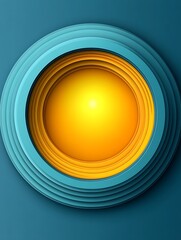 Abstract Concentric Circles with Gradated Orange Center and Teal Edges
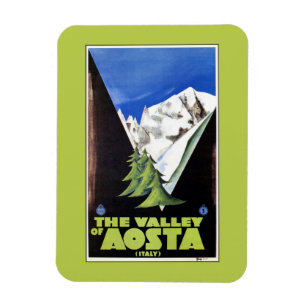 Das Tal Aosta Italien des Alpen-Reiseplakats Magnet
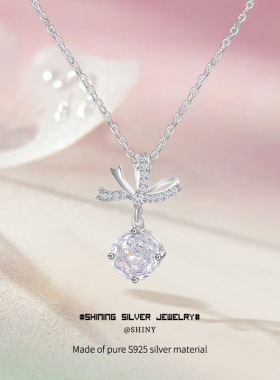 S925纯银蝴蝶结项链女款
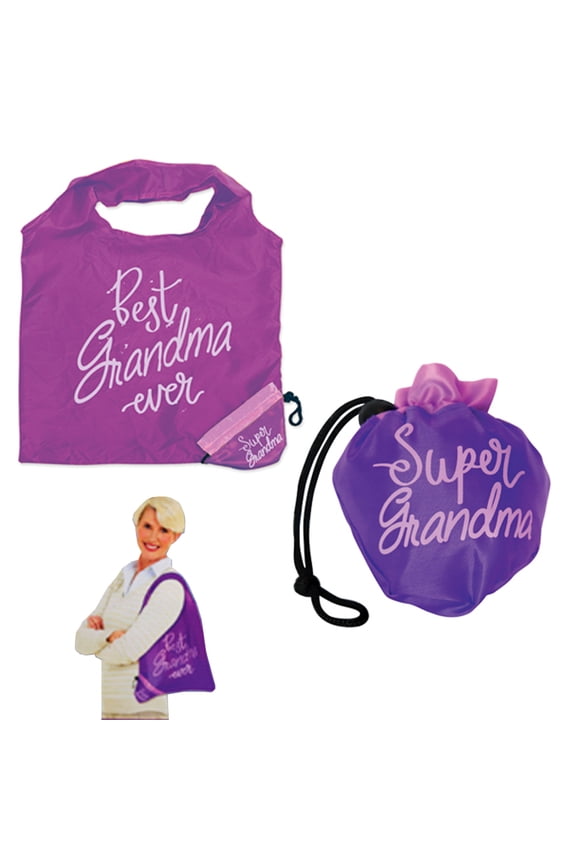 Reusable Shopping Tote Bag Foldable Compact Travel Eco Best Grandma Ever Gift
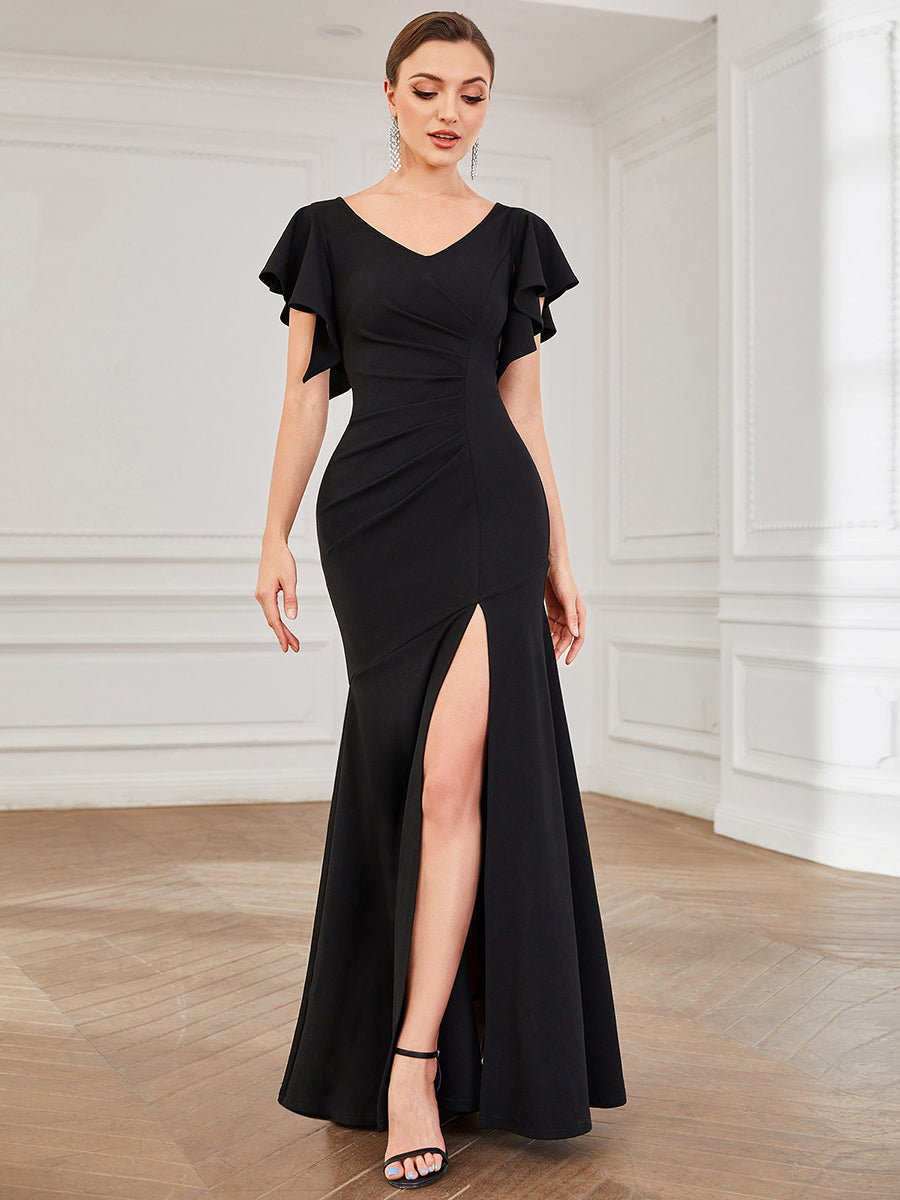 Color=Black | Deep V Neck Short Ruffles Sleeves Split Wholesale Evening Dresses-Black 1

◆ ◆ ◆

Using the records above, extract exactly and only the lines from the one with "Reusable Shopping Tote" through the final line, inclusive, leaving out pictures.

 Reusable Shopping Tote Bag Foldable Compact Travel Eco Best Grandma Ever Gift
 Color=Black | Deep V Neck Short Ruffles Sleeves Split Wholesale Evening Dresses-Black 1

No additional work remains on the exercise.